Con l’avvento delle microtransazioni all’interno dei videogiochi sono sempre più presenti i cosiddetti loot box, quelle “scatole chiuse” che permettono di ricevere premi e bonus all’interno di un videogioco. Questi sono ottenibili sia in modo gratuito giocando molte partite, ma anche con soldi veri, situazione che facilita di molto le cose ai giocatori e che permette alle software house di monetizzare.
In questi giorni è dunque nata una polemica sul considerare o meno questa pratica una sorta di gioco d’azzardo, visto il pericolo che si incorre nel voler tentare la fortuna, spendendo soldi, per ottenere qualcosa: nel caso i loot box fossero effettivamente trattati come gioco d’azzardo, la classificazione per età dei titoli in cui è possibile sfruttare questa pratica dovrebbe essere rivista poiché non adatta ai minori di 18 anni.

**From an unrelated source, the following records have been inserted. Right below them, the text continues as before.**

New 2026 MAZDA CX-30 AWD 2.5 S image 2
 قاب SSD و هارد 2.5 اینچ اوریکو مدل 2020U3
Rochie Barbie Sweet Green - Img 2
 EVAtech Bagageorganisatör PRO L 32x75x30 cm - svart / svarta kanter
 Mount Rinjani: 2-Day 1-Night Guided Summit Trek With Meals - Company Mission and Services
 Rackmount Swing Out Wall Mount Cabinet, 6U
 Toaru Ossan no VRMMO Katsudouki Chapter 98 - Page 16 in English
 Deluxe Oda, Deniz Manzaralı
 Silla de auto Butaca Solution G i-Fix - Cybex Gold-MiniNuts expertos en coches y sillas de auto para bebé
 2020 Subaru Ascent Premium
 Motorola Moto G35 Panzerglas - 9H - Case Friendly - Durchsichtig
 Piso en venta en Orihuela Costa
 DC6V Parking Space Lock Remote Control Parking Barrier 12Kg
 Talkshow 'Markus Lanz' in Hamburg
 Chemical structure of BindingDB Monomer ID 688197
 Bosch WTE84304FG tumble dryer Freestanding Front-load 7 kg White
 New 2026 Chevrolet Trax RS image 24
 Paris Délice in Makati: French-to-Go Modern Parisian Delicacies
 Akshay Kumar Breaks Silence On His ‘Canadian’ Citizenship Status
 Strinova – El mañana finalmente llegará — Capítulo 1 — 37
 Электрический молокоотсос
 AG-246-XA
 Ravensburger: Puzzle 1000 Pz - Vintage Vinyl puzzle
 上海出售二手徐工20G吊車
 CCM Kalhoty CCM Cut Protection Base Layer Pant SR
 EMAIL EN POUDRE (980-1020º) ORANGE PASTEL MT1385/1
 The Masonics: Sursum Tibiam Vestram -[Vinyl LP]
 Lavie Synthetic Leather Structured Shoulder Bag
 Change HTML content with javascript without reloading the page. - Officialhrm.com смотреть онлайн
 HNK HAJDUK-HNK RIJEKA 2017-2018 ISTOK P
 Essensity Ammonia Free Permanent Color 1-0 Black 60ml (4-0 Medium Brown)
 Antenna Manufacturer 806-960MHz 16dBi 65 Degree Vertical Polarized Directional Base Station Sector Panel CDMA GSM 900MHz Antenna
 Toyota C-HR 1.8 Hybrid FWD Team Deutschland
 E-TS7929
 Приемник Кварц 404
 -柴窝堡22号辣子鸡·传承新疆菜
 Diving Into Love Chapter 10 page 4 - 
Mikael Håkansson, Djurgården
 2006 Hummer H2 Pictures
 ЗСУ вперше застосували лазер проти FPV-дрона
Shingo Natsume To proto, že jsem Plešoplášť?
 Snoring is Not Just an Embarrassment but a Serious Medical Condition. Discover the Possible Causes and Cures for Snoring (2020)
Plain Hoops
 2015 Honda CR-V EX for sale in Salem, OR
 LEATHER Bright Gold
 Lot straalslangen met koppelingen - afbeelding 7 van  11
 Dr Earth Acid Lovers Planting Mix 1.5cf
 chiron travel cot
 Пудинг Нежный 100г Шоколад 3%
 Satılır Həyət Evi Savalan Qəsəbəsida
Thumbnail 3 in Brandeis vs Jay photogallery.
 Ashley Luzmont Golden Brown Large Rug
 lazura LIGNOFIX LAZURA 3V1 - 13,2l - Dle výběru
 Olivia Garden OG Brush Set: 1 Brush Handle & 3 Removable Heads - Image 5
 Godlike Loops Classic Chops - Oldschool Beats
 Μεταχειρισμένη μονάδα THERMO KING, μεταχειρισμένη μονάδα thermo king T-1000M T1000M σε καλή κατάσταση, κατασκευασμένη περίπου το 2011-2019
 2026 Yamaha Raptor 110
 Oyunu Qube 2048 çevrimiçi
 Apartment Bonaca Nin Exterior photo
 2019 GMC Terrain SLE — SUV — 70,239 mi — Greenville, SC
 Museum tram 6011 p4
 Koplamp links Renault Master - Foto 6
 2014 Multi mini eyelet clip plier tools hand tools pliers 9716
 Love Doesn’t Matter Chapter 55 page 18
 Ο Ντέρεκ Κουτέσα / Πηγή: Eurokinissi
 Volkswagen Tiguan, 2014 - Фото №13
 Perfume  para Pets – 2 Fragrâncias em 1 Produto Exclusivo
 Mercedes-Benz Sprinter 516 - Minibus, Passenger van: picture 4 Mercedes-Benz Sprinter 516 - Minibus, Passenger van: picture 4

Qualche giorno fa si è espresso in merito l’ESRB a cui si è accodato anche il PEGI (che ci riguarda maggiormente), arrivando alla conclusione, almeno secondo il direttore Dirk Bosmans, che i loot box non sono da considerare alla pari del gioco d’azzardo:
Le casse con premio casuale non possono essere considerate gioco d’azzardo e il motivo è semplice: acquistandole si ha sempre la certezza di avere qualcosa in cambio, anche se magari non sempre si ottiene ciò che si vorrebbe. Per questo motivo non è adeguato metterle alla pari del gioco d’azzardo.
In ogni caso questo non è un nostro compito, poiché noi ci occupiamo di classificare i videogiochi in base al contenuto e alle tematiche trattate, mentre il gioco d’azzardo deve rispondere ai governi e alle commissioni locali con regolamenti molto diversi rispetto ai nostri.
Per il momento dunque non siamo ancora tutti dei giocatori d’azzardo incalliti, almeno secondo il PEGI; vedremo come evolverà la cosa e se davvero i loot box saranno salvi dall’essere paragonati a qualcosa che, effettivamente, non ha nulla a che vedere con roulette e slot machine.